[Provided material]:
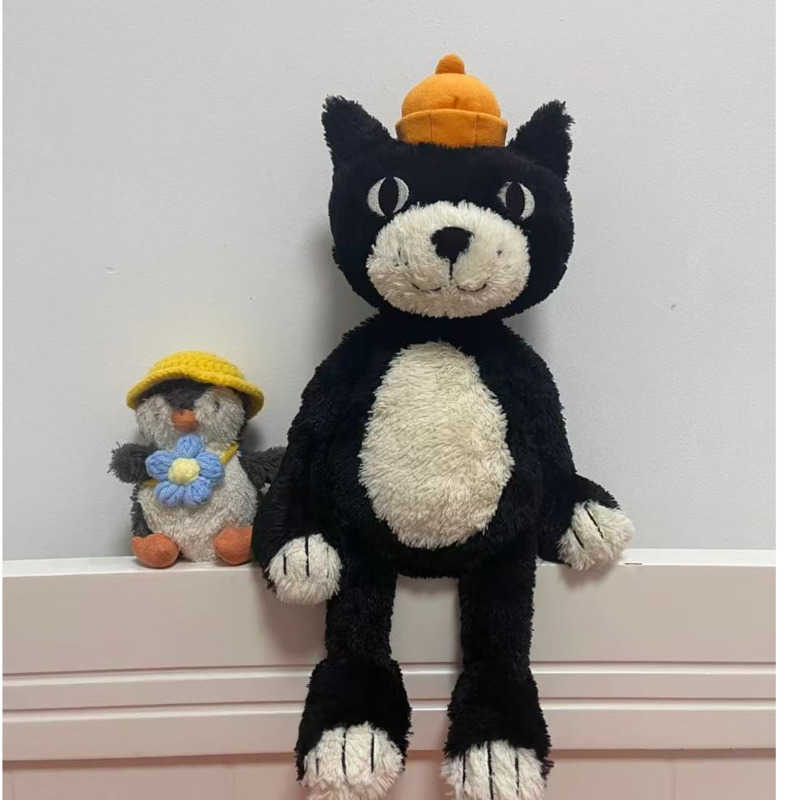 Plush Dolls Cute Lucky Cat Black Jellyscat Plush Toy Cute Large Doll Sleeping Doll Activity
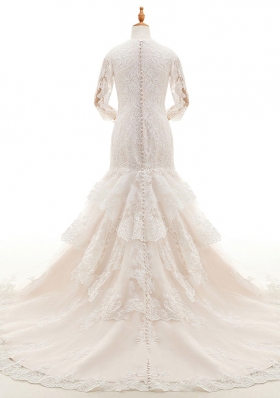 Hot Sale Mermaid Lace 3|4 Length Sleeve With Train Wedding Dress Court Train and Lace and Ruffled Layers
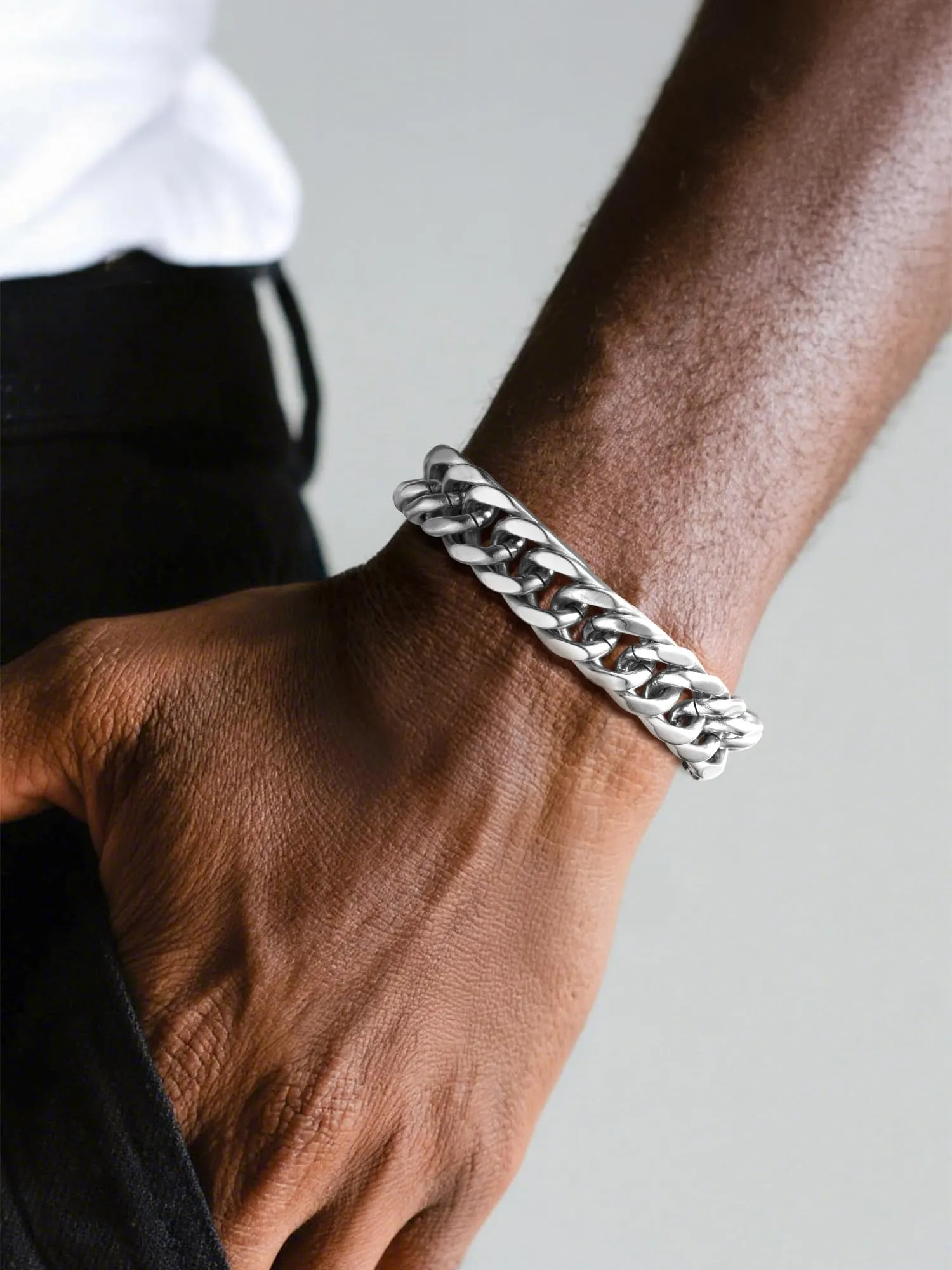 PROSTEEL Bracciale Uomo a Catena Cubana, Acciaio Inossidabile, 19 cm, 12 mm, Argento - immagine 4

[Exercise objective]:
Copy the material exactly as written and leave every picture behind.

[Problem solution]:
 Plush Dolls Cute Lucky Cat Black Jellyscat Plush Toy Cute Large Doll Sleeping Doll Activity
 Hot Sale Mermaid Lace 3|4 Length Sleeve With Train Wedding Dress Court Train and Lace and Ruffled Layers
 PROSTEEL Bracciale Uomo a Catena Cubana, Acciaio Inossidabile, 19 cm, 12 mm, Argento - immagine 4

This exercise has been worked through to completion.